@happyvertical/smrt-voice
v0.36.0
Published
Voice profile management for AI-powered voice synthesis and cloning in the SMRT ecosystem
Maintainers
Readme
@happyvertical/smrt-voice
Voice profile management for AI-powered voice synthesis and cloning in the SMRT ecosystem.
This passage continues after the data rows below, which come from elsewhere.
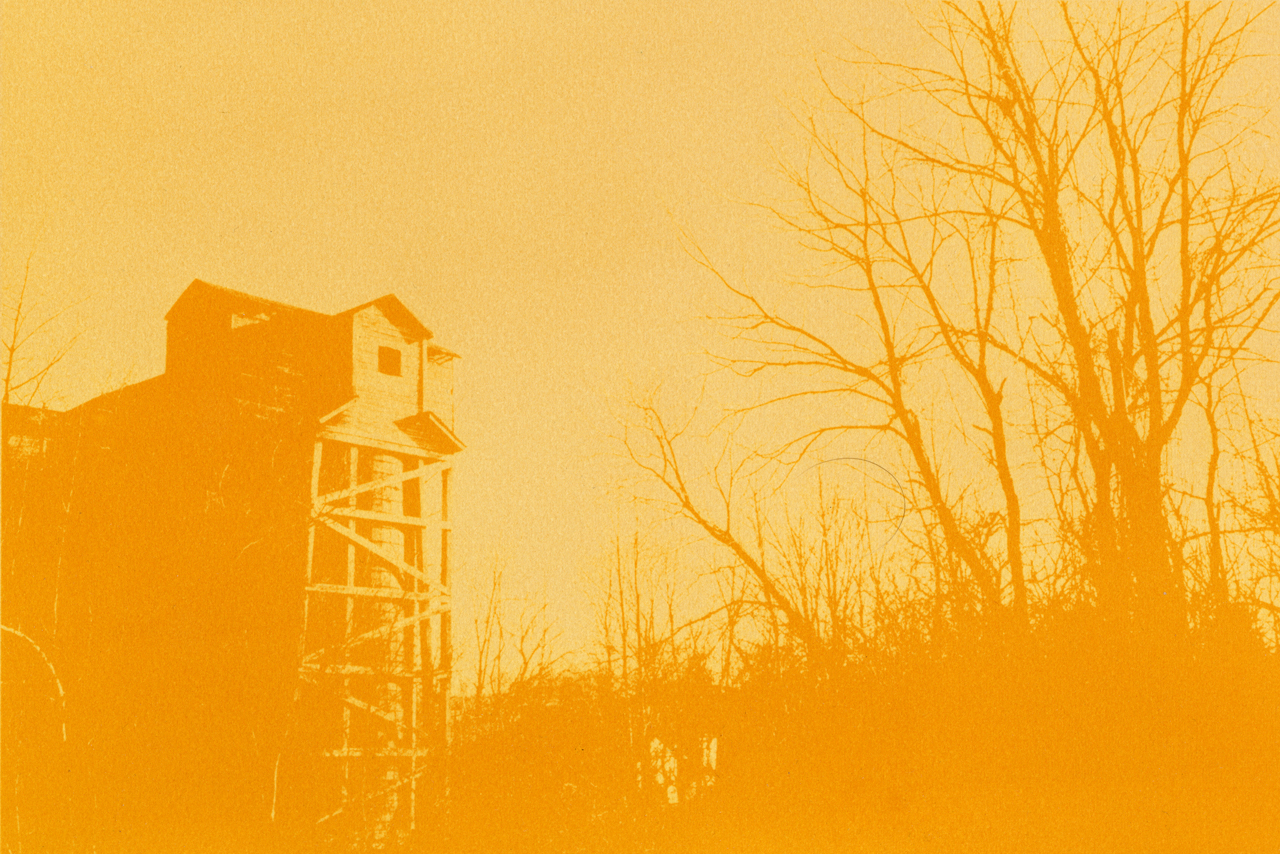 Anthotype - Creative B&W Darkroom & Alternative Processes © Daniel Goudrouffe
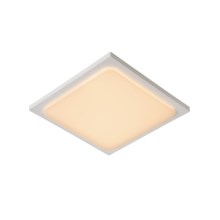 Lucide 28858/25/31 - LED koupelnové svítidlo ORAS LED/20W/230V bílé IP54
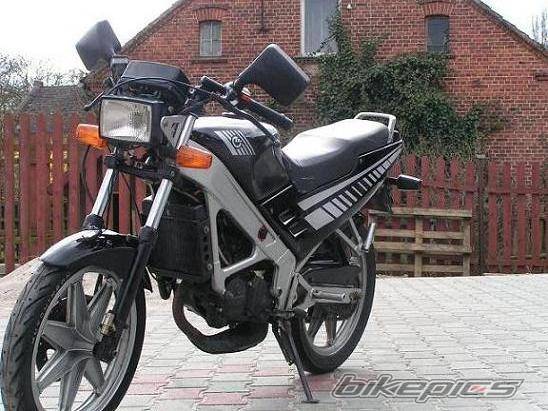 Photo 175711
Manages voice profiles, cloning samples, and TTS output with word-level timing for lip-sync.
Installation
pnpm add @happyvertical/smrt-voiceUsage
import { VoiceProfile, VoiceSample, VoiceOutput } from '@happyvertical/smrt-voice';
// Two mutually exclusive creation modes:
// 1. Voice design -- AI generates voice from a natural language prompt
const designed = new VoiceProfile({
name: 'News Anchor',
language: 'en-US',
gender: 'male',
designPrompt: 'Warm, authoritative male voice with clear enunciation',
defaultSpeed: 1.0, // 0.5 - 2.0
defaultPitch: 0, // -20 to 20 semitones
});
await designed.save();
// 2. Voice cloning -- replicate voice from audio sample(s)
const cloned = new VoiceProfile({
name: 'Custom Voice',
language: 'en-US',
sampleAssetId: 'asset-123',
});
await cloned.save();
// Add training samples for cloning (minimum 3 seconds, quality != low)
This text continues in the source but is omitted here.